Task requirements
This exercise calls for an exact copy of the listing, with no pictures kept.

Supplied information
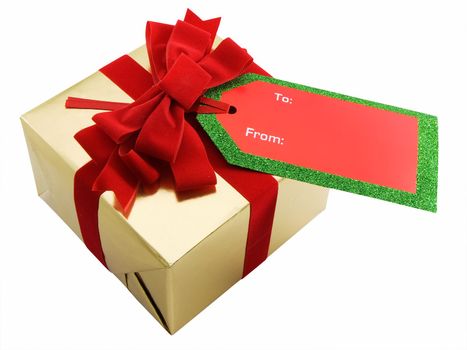 Christmas present with a red bow and gift tag, isolated on white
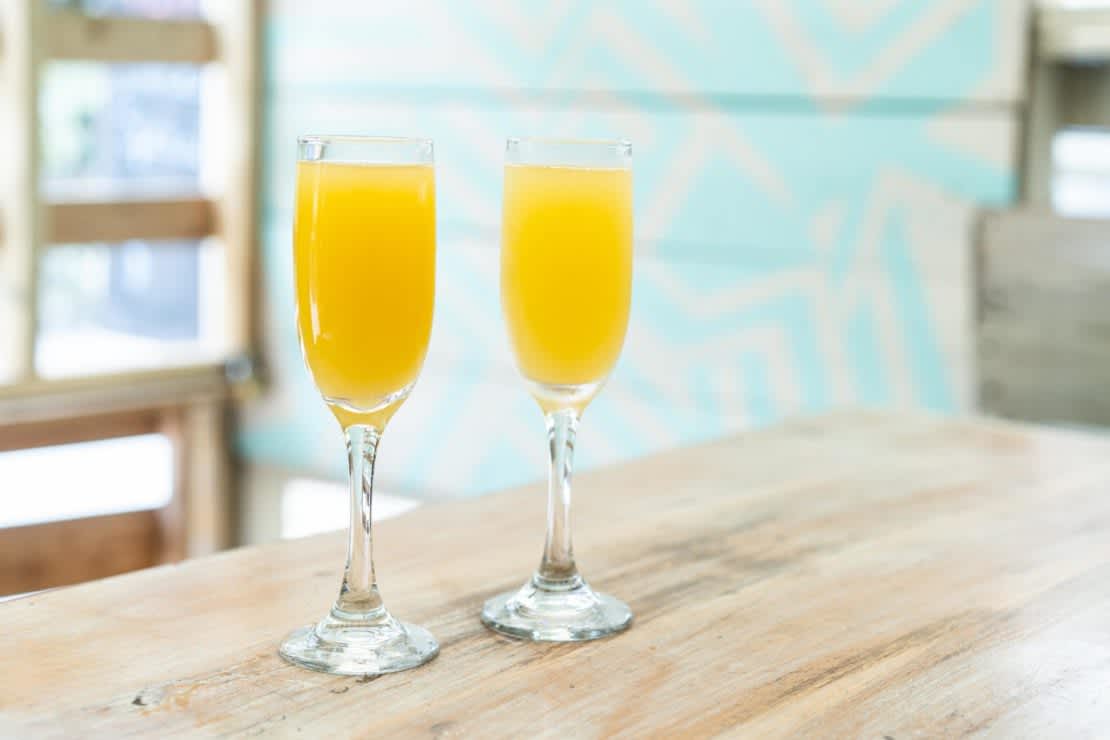 Two Champagne glasses filled with orange juice mimosas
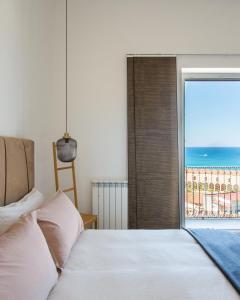 een slaapkamer met een bed en uitzicht op de oceaan bij Matteotti 16 - Suites in Cefalù in Cefalù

Your solution
 Christmas present with a red bow and gift tag, isolated on white
 Two Champagne glasses filled with orange juice mimosas
 een slaapkamer met een bed en uitzicht op de oceaan bij Matteotti 16 - Suites in Cefalù in Cefalù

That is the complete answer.